ENTITYTYPE_ID = 'transaction'

# Model Training
VAR_TARGET = 'Class'
VAR_OMIT = 'transaction_id' # add more variables to the string with space delimiters

packages:

In [44]:
from google.cloud.aiplatform_v1beta1 import (FeaturestoreOnlineServingServiceClient, FeaturestoreServiceClient, types)
from google.cloud import aiplatform

from google.protobuf.duration_pb2 import Duration
from google.protobuf.timestamp_pb2 import Timestamp
from google.protobuf.field_mask_pb2 import FieldMask

from google.cloud import bigquery
from google.cloud.aiplatform_v1beta1 import (PredictionServiceClient, EndpointServiceClient)
from google.protobuf import json_format
from google.protobuf.struct_pb2 import Value
import json
import numpy as np

clients:

In [45]:
client_options = {"api_endpoint": f"{REGION}-aiplatform.googleapis.com"}

clients = {}
clients['fs'] = FeaturestoreServiceClient(client_options = client_options)
clients['fs_olserve'] = FeaturestoreOnlineServingServiceClient(client_options = client_options)
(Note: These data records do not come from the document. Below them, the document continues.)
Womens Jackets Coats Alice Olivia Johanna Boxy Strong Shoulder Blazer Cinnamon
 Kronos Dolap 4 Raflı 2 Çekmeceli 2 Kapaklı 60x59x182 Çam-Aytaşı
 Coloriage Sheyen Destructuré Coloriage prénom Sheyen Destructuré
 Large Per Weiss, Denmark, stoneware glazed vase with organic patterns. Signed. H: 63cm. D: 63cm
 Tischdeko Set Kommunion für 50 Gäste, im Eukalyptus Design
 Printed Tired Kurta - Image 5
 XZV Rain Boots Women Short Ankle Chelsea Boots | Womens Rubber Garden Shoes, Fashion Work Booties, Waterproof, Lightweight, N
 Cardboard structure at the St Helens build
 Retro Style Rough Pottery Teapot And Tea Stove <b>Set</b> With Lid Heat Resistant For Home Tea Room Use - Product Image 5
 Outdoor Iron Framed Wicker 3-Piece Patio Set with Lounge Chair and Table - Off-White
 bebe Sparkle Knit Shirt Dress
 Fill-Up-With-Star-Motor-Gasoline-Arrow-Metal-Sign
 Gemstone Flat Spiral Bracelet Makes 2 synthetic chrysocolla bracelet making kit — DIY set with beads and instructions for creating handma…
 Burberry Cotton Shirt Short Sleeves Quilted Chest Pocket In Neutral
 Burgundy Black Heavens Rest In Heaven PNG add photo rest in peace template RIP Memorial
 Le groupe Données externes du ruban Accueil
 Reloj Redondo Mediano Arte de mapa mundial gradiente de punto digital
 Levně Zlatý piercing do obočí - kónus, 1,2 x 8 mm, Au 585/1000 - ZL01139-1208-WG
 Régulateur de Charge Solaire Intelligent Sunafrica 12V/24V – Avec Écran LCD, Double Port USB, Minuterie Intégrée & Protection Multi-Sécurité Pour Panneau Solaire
clients['bq'] = bigquery.Client()

aiplatform.init(project=PROJECT_ID, location=REGION)

parameters:

In [46]:
PARENT = f"projects/{PROJECT_ID}/locations/{REGION}"
DIR = f"temp/{NOTEBOOK}"

environment:

In [47]:
!rm -rf {DIR}
!mkdir -p {DIR}

---
## Feature Store Data model
Feature Store organizes data with the following 3 important hierarchical concepts:

Featurestore -> EntityType -> Feature

- **Featurestore**: the place to store your features
    - **EntityType**: under a Featurestore, an EntityType describes an object to be modeled, real one or virtual one.
        - **Feature**: under an EntityType, a feature describes an attribute of the EntityType

For the digits data used in these examples, the feature store will be called digits_featurestore.  The store has 1 entity type: images.  The features will be the pixels and the target values.

---
## Create Feature Store

In [48]:
FEATURESTORE_ID = DATANAME

In [49]:
featurestore_lro = clients['fs'].create_featurestore(
    types.featurestore_service.CreateFeaturestoreRequest(
        parent = PARENT,
        featurestore_id = FEATURESTORE_ID,
        featurestore=types.featurestore.Featurestore(
            display_name=f"Notebook {NOTEBOOK} demonstration of Vertex AI Features (feature store) using {DATANAME} data",
            online_serving_config=types.featurestore.Featurestore.OnlineServingConfig(
                fixed_node_count=2
            ),
        ),
    )
)

In [50]:
featurestore_lro.result()

name: "projects/691911073727/locations/us-central1/featurestores/fraud"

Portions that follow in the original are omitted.